Confrontés au ralentissement du marché immobilier, les Français ont orienté l'an
dernier leur épargne vers les placements financiers. Tandis qu'ils
représentaient environ 5 % du revenu des ménages depuis 2006, ces placements ont
vu leur part augmenter tout au long de l'année dernière. Avec un taux de 7,9 %,
ils représentaient presque la moitié de l'épargne au troisième
trimestre.
Une épargne de précaution.
La crise
économique a également influencé le comportement des Français, qui ont
majoritairement orienté leur épargne vers les placements les plus sûrs.

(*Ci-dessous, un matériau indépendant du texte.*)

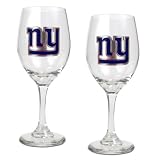 New York Giants NY Set of 2 Wine Glasses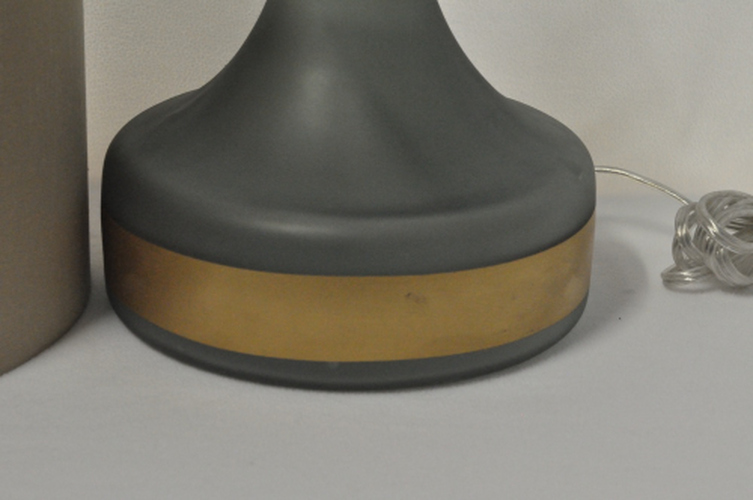 Pair of Grey Matte Gold Stripe Lamps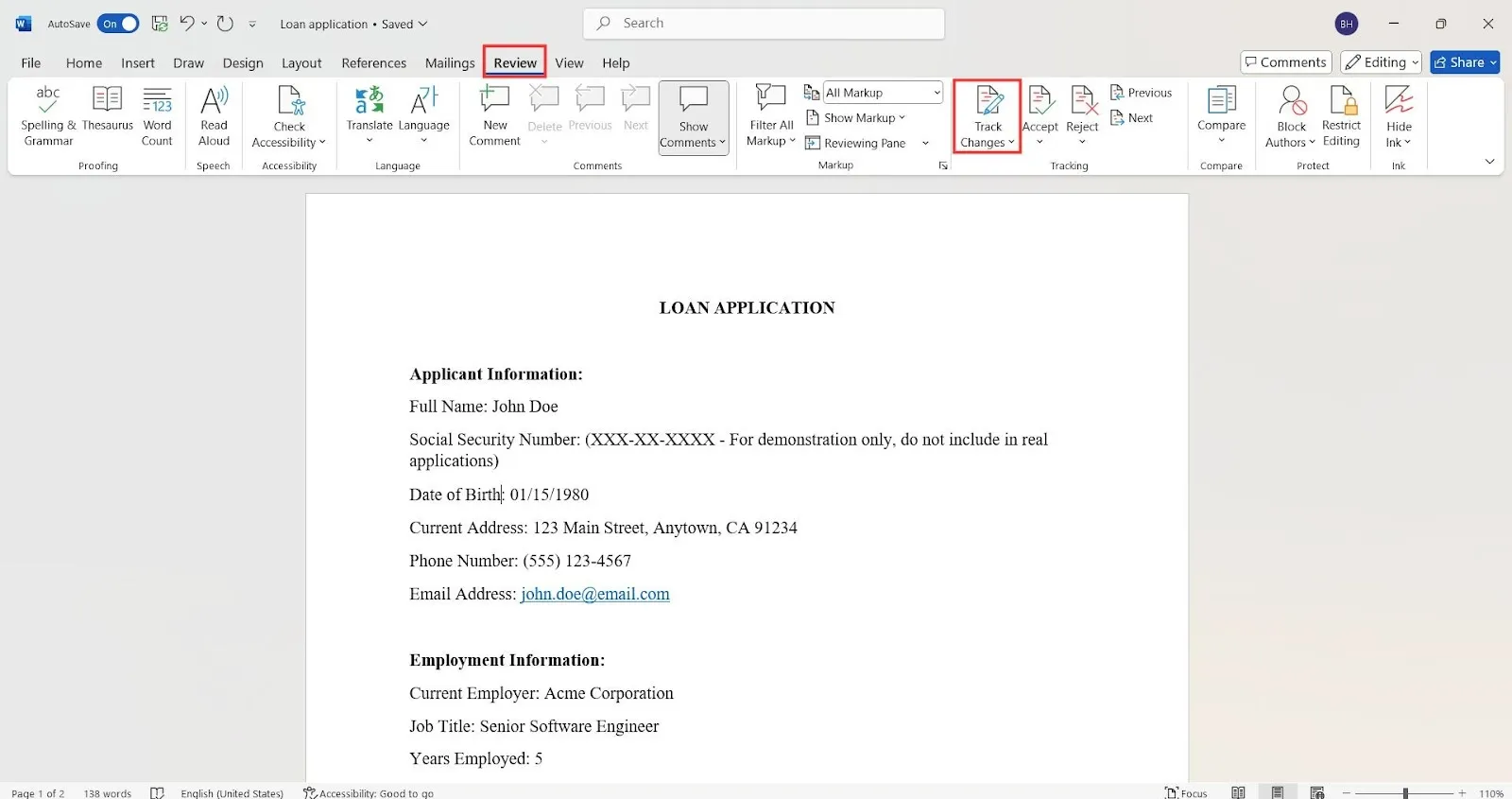 ติดตามการเปลี่ยนแปลงใน Word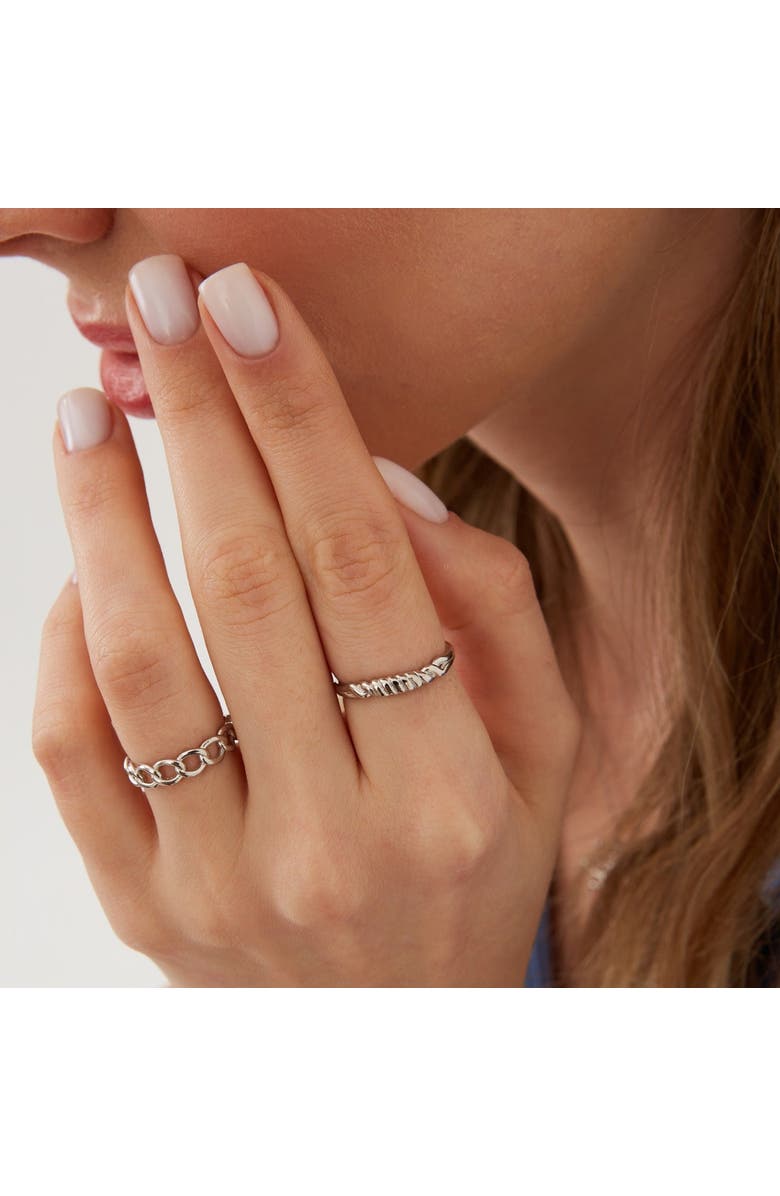 Spero London Sterling Silver Chain Ring, Alternate, color, Silver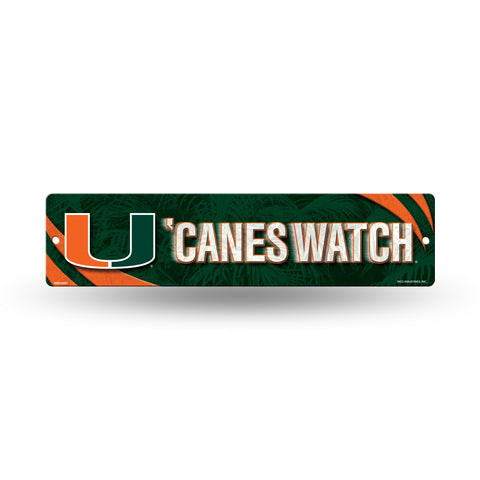 Miami Hurricanes Street Sign NEW! 4"X16" "Canes Watch" Man Cave NCAA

Le
livret A a ainsi enregistré une collecte record en janvier 2009. Mais les
baisses répétées de sa rémunération ont provoqué une désaffection progressive
des épargnants.
Assurance vie plébiscitée.
L'assurance vie,
placement préféré des Français depuis de nombreuses années, a donc confirmé ce
statut en attirant l'an dernier, selon les statistiques de la FFSA (Fédération
française des sociétés d'assurance), 80 % des flux d'épargne financière. Avec
plus de 137 milliards d'euros collectés, elle a ainsi enregistré une progression
de 13 % en un an et retrouvé ses niveaux de collecte de 2007. Au total,
l'encours d'assurance vie en France s'élève à 1 234 milliards d'euros, en hausse
de 10 %.
*
Le revenu disponible (d’un ménage) comprend les revenus d’activité, les revenus
du patrimoine, les transferts en provenance d’autres ménages et les prestations
sociales (y compris les pensions de retraite et les indemnités de chômage), nets
des impôts directs (définition Insee).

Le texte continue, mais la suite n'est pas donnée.